Appeals-institution of appeals-notice of appeal-failure to file and serve a notice of appeal in accordance with applicable legal stipulations-whether an appeal lodged without the proper filing and service of a notice of appeal would be struck out-Court of Appeal (Election Petition) Rules, 2017, rules 6 & 7.
Evidence Law-electronic records-admissibility of electronic records-video evidence tendered to show the occurrence of violence during an election-effect of a Court of Appeal decision on an election petition appeal wherein the probative value of the video evidence was not considered despite the making of a finding on admissibility-Evidence Act (Cap 80), sections 78 & 106B; Elections Act, No 24 of 2011, section 85A.
Jurisdiction-jurisdiction of the Court of Appeal-jurisdiction of the Court of Appeal in the election petition appeals-matters that constituted matters of law-claim that the Court of Appeal acted in excess of its jurisdiction and delved into matters of fact, when it overturned a trial court's decision on whether there was violence and intimidation during the conduct of an election-whether the Court of Appeal overstepped its jurisdiction-Elections Act, No 24 of 2011, section 85A.
Electoral Law-conduct of an election-electoral irregularities and malpractices-effect of electoral irregularities and malpractices-whether the scale and impact of electoral irregularities and malpractices would result in the nullification of the results of an election.

Brief facts:
The appeal before the Court was against the judgment of the Court of Appeal delivered on June 8, 2018 in Election Petition Appeal No. 18 of 2018. The Appellate Court allowed the appeal and set aside the decision of the High Court in Election Petition No. 8 of 2017 delivered on March 2, 2018. The Court further declared that the 1st Respondent was validly elected as the Member of the National Assembly for Embakasi East Constituency.
The 1st Respondent was declared as the duly elected Member of the National Assembly for Embakasi East Constituency following the general election held on August 8, 2017. Aggrieved by the result of the election, the Petitioner filed a petition on September 5, 2017 challenging the election of the 1st Respondent.

Issues:

  1. Whether the Supreme Court had jurisdiction to hear and determine the petition of appeal brought under article 163(4)(a) of the Constitution.
  2. Whether the appeal before the Court of Appeal was competent, given the failure to file and serve a notice of appeal as required under rule 6 and 7 of the Court of Appeal (Election Petition) Rules, 2017
  3. Whether the Court of Appeal erred in failing to consider the probative value of video evidence.
  4. Whether the Court of Appeal, in overturning an Election Court’s decision on whether there was violence and intimidation during an election, acted in excess of and/or without jurisdiction and delved into matters of fact contrary to section 85A of the Elections Act.
  5. Whether the Court of Appeal misdirected itself in the interpretation of articles 81(e)(ii) and 86 of the Constitution, as related to stipulations on free, fair, transparent, accurate and verifiable elections and whether alleged irregularities affected the outcome of an election
  6. Whether the 1st respondent discharged the burden and standard of proof in the appeal before the Court of Appeal.
  7. What were the reliefs available to the parties?Read More..

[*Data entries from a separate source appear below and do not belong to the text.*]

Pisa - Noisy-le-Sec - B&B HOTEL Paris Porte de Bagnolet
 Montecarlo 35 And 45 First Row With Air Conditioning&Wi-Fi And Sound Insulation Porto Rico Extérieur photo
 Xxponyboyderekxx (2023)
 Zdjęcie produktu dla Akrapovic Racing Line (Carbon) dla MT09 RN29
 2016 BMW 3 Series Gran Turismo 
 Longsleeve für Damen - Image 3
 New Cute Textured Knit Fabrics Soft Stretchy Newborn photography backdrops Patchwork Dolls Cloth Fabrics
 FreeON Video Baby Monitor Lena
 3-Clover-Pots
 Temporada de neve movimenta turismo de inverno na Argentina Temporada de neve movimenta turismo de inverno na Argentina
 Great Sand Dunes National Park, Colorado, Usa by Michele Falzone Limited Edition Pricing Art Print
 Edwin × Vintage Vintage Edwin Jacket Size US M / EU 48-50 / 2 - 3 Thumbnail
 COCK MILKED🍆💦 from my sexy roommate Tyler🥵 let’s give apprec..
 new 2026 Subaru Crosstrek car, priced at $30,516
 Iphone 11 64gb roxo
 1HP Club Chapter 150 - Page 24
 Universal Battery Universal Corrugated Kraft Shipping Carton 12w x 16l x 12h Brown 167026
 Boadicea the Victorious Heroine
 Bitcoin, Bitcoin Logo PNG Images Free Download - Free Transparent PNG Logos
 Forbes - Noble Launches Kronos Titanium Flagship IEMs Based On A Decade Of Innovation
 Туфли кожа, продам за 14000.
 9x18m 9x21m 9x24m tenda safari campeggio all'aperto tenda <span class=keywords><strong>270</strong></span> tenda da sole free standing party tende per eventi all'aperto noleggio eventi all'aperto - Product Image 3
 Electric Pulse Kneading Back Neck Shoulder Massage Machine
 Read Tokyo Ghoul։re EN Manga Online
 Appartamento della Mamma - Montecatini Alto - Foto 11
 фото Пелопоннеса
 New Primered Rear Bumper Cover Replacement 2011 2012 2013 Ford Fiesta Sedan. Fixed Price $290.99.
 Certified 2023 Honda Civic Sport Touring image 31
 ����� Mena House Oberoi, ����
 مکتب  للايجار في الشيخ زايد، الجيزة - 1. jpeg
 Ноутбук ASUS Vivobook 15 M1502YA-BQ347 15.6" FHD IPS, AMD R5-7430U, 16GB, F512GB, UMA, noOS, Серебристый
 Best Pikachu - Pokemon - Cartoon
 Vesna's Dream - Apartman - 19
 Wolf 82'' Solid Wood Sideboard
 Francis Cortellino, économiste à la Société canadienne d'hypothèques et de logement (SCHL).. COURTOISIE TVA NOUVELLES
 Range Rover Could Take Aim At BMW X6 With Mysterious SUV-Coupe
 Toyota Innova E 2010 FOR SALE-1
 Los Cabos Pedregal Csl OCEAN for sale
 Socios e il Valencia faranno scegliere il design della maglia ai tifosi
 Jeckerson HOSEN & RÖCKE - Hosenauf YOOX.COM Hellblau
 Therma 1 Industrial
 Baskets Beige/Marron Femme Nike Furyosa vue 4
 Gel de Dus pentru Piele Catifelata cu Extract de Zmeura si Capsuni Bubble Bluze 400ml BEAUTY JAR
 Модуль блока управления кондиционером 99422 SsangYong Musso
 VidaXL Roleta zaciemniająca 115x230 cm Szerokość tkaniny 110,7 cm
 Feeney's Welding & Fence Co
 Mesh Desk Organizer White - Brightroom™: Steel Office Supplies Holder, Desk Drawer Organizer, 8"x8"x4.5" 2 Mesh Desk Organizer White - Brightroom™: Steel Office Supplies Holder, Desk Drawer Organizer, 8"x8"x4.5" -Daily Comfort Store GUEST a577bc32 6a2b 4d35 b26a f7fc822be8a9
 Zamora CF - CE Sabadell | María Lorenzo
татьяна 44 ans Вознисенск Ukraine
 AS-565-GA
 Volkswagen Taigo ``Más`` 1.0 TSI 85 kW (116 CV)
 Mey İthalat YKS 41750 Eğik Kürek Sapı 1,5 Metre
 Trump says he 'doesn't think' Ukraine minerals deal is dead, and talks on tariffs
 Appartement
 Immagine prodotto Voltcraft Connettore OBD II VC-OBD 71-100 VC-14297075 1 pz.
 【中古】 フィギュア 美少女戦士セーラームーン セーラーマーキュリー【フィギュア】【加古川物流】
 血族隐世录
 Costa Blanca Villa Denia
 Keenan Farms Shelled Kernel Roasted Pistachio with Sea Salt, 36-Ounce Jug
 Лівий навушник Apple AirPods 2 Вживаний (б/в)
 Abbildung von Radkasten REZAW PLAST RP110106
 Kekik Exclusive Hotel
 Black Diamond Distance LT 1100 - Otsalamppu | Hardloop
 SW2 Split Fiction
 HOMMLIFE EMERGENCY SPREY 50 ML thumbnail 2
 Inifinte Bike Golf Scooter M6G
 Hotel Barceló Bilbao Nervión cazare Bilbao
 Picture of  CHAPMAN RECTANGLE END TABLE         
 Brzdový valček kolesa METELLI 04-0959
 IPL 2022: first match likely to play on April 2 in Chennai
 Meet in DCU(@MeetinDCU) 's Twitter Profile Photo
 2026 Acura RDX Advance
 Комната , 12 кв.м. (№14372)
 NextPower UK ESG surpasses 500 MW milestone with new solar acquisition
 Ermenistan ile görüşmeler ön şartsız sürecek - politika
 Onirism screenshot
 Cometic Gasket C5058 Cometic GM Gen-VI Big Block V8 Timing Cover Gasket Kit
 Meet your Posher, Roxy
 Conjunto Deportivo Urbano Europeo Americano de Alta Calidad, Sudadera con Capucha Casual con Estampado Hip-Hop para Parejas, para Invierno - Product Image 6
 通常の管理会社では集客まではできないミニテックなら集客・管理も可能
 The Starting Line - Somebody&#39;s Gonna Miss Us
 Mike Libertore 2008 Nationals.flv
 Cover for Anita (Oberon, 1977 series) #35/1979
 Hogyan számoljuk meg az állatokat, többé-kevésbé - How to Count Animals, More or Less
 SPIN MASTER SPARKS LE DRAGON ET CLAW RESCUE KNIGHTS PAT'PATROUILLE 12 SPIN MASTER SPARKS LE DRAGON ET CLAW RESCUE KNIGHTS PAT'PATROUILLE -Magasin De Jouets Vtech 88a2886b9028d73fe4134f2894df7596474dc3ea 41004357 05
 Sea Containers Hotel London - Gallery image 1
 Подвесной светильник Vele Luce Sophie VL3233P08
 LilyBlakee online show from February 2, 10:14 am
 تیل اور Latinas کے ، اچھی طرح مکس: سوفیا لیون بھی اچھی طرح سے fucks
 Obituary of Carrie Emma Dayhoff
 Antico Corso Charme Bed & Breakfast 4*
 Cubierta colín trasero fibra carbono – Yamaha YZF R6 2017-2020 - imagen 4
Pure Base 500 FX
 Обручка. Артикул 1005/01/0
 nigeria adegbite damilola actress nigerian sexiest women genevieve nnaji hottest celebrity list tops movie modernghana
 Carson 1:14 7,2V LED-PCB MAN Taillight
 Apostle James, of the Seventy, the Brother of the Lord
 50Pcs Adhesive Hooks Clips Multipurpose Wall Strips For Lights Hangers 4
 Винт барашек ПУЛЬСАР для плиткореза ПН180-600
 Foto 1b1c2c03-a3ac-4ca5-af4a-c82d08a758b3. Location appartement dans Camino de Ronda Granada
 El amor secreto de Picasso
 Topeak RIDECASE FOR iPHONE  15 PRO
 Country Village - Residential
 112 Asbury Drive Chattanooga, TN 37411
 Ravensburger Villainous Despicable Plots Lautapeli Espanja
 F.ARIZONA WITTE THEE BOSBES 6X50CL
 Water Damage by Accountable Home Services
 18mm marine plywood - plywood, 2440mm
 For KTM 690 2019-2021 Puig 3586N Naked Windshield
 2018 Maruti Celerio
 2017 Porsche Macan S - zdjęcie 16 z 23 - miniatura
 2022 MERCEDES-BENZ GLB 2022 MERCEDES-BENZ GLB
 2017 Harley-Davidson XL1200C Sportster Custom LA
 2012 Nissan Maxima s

Relevant Provisions of Law
Constitution of Kenya, 2010
Article 81(e) (ii)-Representation of the people
81- The electoral system shall comply with the following principles––
(e) free and fair elections, which are—
(ii) free from violence, intimidation, improper influence or corruption;

Article 86 –voting
At every election, the Independent Electoral and Boundaries Commission shall ensure that—

(a) whatever voting method is used, the system is simple, accurate, verifiable, secure, accountable and transparent;
(b) the votes cast are counted, tabulated and the results announced promptly by the presiding officer at each polling station;
(c) the results from the polling stations are openly and accurately collated and promptly announced by the returning officer; and
(d) appropriate structures and mechanisms to eliminate electoral malpractice are put in place, including the safekeeping of election materials.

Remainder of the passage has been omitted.